_Task:_ Write out, word for word, the first line of the data below and every line after it through the one containing "Air Cooler Cpu".

------------------------------------------------------------

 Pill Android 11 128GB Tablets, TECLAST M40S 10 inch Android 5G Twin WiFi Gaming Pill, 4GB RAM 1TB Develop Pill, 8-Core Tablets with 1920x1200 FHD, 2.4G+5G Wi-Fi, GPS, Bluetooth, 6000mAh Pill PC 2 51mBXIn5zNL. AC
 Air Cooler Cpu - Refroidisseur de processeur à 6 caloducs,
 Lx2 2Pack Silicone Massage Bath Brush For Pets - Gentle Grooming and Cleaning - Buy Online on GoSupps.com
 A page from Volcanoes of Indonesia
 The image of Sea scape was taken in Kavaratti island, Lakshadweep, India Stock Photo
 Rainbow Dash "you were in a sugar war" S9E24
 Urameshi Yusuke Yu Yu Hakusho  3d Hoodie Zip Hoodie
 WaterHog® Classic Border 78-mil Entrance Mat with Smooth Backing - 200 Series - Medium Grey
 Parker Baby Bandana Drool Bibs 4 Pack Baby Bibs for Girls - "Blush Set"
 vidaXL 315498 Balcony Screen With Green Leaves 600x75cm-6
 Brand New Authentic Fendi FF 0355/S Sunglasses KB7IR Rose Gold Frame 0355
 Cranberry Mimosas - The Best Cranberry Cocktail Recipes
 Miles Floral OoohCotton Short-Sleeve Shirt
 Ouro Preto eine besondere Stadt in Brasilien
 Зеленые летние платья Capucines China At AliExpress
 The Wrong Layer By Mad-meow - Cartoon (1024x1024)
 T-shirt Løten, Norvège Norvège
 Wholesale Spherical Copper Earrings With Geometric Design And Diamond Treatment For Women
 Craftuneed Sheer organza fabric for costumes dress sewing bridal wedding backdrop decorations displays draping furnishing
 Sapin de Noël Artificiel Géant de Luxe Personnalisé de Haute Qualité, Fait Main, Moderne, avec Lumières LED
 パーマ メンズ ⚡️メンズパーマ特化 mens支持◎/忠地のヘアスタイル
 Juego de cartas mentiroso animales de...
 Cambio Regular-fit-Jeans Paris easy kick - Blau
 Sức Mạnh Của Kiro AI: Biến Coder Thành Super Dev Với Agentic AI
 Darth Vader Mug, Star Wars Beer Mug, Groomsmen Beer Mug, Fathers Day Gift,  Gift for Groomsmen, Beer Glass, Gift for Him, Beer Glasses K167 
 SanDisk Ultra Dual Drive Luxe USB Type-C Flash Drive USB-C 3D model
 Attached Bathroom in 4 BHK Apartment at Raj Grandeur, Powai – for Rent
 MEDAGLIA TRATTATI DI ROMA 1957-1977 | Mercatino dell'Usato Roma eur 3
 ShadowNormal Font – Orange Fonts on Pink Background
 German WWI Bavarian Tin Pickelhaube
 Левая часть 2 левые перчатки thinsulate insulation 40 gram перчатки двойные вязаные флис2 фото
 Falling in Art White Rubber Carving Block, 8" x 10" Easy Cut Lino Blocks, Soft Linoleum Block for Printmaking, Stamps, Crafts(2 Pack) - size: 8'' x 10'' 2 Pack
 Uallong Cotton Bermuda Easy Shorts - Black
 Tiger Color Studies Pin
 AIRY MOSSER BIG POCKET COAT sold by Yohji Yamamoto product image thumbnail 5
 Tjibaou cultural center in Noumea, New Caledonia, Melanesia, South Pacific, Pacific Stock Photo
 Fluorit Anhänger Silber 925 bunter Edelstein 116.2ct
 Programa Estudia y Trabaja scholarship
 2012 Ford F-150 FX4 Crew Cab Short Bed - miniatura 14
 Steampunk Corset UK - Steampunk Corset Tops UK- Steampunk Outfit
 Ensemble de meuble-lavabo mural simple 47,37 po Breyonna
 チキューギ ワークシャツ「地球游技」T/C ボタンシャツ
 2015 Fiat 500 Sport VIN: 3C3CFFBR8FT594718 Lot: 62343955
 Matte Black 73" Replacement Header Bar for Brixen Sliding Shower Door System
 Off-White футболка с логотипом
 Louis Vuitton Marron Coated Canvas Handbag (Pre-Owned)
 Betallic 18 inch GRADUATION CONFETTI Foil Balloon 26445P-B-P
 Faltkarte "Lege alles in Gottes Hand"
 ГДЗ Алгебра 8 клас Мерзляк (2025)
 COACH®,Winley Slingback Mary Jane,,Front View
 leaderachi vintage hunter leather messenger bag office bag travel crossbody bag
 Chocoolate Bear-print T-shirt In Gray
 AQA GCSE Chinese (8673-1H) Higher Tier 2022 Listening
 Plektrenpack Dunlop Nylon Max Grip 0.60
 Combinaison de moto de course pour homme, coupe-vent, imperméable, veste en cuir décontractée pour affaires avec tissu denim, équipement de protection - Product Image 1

------------------------------------------------------------

_Task output:_
 Pill Android 11 128GB Tablets, TECLAST M40S 10 inch Android 5G Twin WiFi Gaming Pill, 4GB RAM 1TB Develop Pill, 8-Core Tablets with 1920x1200 FHD, 2.4G+5G Wi-Fi, GPS, Bluetooth, 6000mAh Pill PC 2 51mBXIn5zNL. AC
 Air Cooler Cpu - Refroidisseur de processeur à 6 caloducs,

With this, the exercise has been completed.